Book cover of Cultivating Capstones: Designing High-Quality Culminating Experiences for Student Learning, edited by Caroline J. Ketcham, Anthony G. Weaver, and Jessie L. Moore

This chapter shares results from a mixed-method, multi-institutional study gauging the type of faculty who teach capstone experiences, their intrinsic and extrinsic motivations, and the type of support they receive at their institutions. Henscheid (2000) found that almost half of 707 regionally accredited colleges and universities use capstones as part of their institution’s assessment program and the 2010-2011 HERI Faculty Survey indicated that 35.8% of respondents had taught a Capstone course.
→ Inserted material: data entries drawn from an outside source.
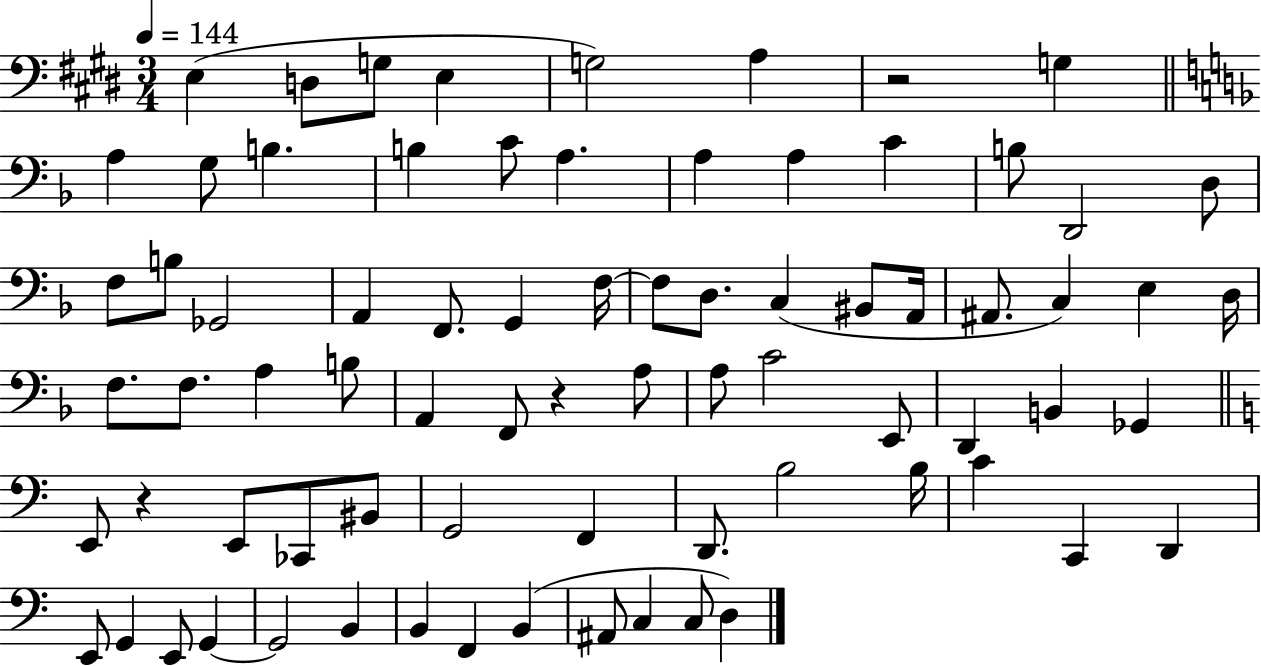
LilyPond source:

{
  \clef bass
  \numericTimeSignature
  \time 3/4
  \key e \major
  \tempo 4 = 144
  e4( d8 g8 e4 | g2) a4 | r2 g4 | \bar "||" \break \key d \minor a4 g8 b4. | b4 c'8 a4. | a4 a4 c'4 | b8 d,2 d8 | \break f8 b8 ges,2 | a,4 f,8. g,4 f16~~ | f8 d8. c4( bis,8 a,16 | ais,8. c4) e4 d16 | \break f8. f8. a4 b8 | a,4 f,8 r4 a8 | a8 c'2 e,8 | d,4 b,4 ges,4 | \break \bar "||" \break \key c \major e,8 r4 e,8 ces,8 bis,8 | g,2 f,4 | d,8. b2 b16 | c'4 c,4 d,4 | \break e,8 g,4 e,8 g,4~~ | g,2 b,4 | b,4 f,4 b,4( | ais,8 c4 c8 d4) | \break \bar "|."
}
The 2016–2017 HERI Faculty Survey indicated that just half of undergraduate teaching faculty participated in teaching-related professional development opportunities and that a majority of faculty surveyed (69.2%) agree that there is adequate support for faculty development. The results shared in this chapter paint a different picture of faculty desire for resources and support in teaching capstone experiences. In a survey of 138 faculty, less than half found the availability of resources “good” or “excellent,” with 14% of those surveyed saying that resources were not even available to them. It is vital that faculty members preparing to develop and teach capstone experiences have access to the resources they need to help them be successful. To that end, this chapter provides a common support needs checklist; a set of heuristics that help faculty identify what resources may be most helpful for them at the particular moment and guided by the tensions/pressures/motivations they experience in their particular context; and a how to guide to structure a significant conversation.

Discussion Questions

  • What can institutions learn from the faculty stories about teaching capstones?
  • How does your institution support (i.e. funding, release-time, tenure and promotion criteria) faculty who teach a capstone experience?
  • How would you describe your department culture related to teaching disciplinary/interdisciplinary capstones? Do faculty within your department support the need to teach the capstone?
  • What are the benefits gained by including faculty who do not teach the capstone experience in conversations and professional development workshops?